German Cardinal Walter Kasper, an aide to Pope Benedict, had been scheduled to travel with the Pope during his official state visit to the U.K. in 2010. But just before departure, he pulled out of the trip “for health reasons”, according to Vatican spokesman Federico Lombardi.
Perhaps what Lombardi actually meant to say was that the German cardinal seemed quite healthy at the time, but may have feared for his health if he ever sets foot on British soil. That’s because BBC Radio Scotland had reported that Cardinal Kasper actually told the German magazine, Focus:
“Someone landing at Heathrow Airport near London could mistake Britain for a third-world country, given the variety of people there.”
This is yet again another bizarre example of why the Pope and his pals so desperately need to stop talking to the media until they figure out what the heck is wrong with the way their brains are functioning.
And as a person who has spent decades in the public relations field, including doing my share of corporate media training, I offer the following examples of how the credibility of your organization – oh, let’s say the Catholic church, for instance – can be severely impaired by putting an incompetent person in front of a microphone:
1. On his first trip to Africa last year, the Pope declared that condoms were not a solution to the AIDS epidemic on the continent – but instead risked making the problem worse. (The Vatican had already claimed that condoms have tiny holes in them through which the HIV virus can pass, exposing people to risk, and even decreed that condoms should not even be used by already infected men in order to protect their wives). In an editorial at the time, the respected medical journal Lancet called on the Pope to retract his statement and said his comments could be “devastating for the health of millions of people”. The World Health Organisation responded:
“These incorrect statements about condoms and HIV are dangerous. In fact, consistent and correct condom use reduces the risk of HIV infection by 90%.”

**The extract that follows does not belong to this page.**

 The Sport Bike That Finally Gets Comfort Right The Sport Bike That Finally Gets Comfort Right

The Vatican has now done a bit of a back flip on the condom issue, newly convinced that, well, okay, male prostitutes might be allowed to use condoms during gay sex. Still no word on HIV-infected husbands being able to protect their wives, though.

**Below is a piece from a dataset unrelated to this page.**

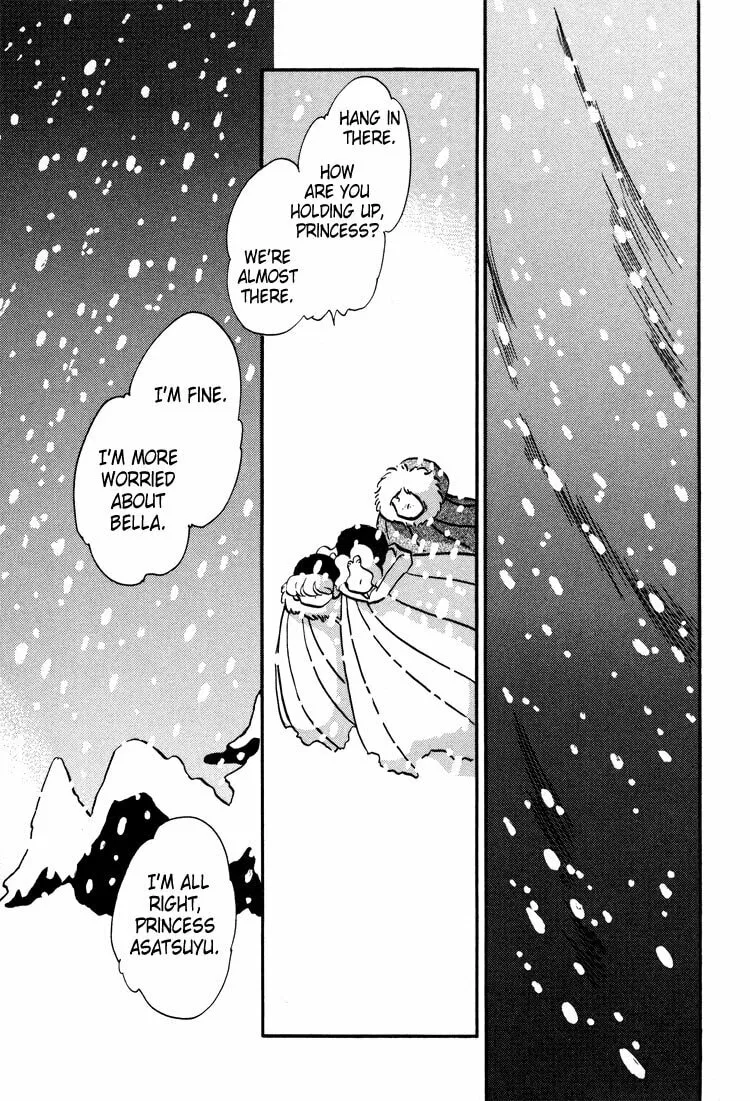 Transistor ni Venus Chapter 49 page 8 -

2. During his opening speech in Britain, the Pope attempted to blame atheism for the crimes of Nazi Germany, perhaps forgetting for a moment that Hitler regularly proclaimed his belief in a god as justification for dehumanizing Jews.
If the Pope wants to find modern examples in Britain of people dehumanizing other people, he might ask his colleague, Cardinal Cormac Murphy O’Connor, why he said last year on BBC Radio that atheists are not fully human.

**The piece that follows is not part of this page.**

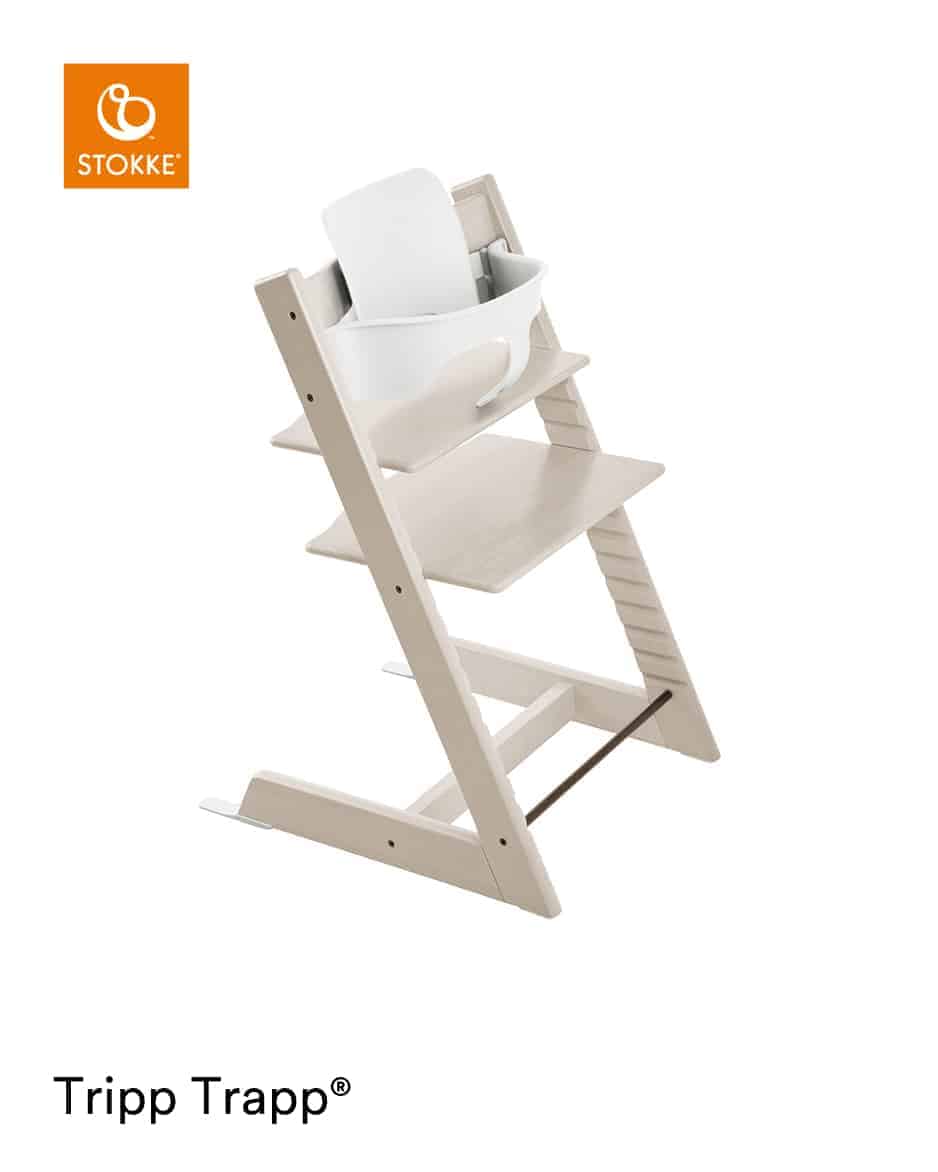 Tripp Trapp® Højstol Whitewash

3. The Pope said in 2008 that homosexual inclination was not a sin in itself, but it represented a “more or less strong tendency ordered toward an intrinsic moral evil“, and that saving humanity from homosexual or transsexual behaviour is as important as saving the rainforest from destruction. Does the Pope’s harsh evaluation extend to his own predator priests who sexually molested young innocents for decades while the Catholic church and even Pope Benedict himself looked the other way from this systemic intrinsic moral evil?
4. In May during a visit to Portugal, Pope Benedict called abortion and same-sex marriage some of the most “insidious and dangerous“ threats facing the world today. Really? What about global threats like famine, war, child slavery, climate change, deforestation or any number of actual threats? None of them apparently are nearly as bad.
While we’re waiting for the Pope and Federico Lombardi to enroll in a quality media training program, it’s reassuring to learn about groups like Catholic Voices, 22 British laypeople who took intensive media training before the Pope’s U.K. visit this year in order to learn how to respond correctly to media questions about the church’s protection of its child abusers and other sensitive issues.
See also:
- My Farewell Letter to the Pope
- The Endangered Species Called Catholic Nuns
- Why the Vatican’s Abuse Response Is Being Called “A PR Failure, Carnage, Nightmare and Train Wreck”
- Lessons from Toyota From the Pope
I’d rather the pope continues to go without media training so we can have something funny to read in the morning news.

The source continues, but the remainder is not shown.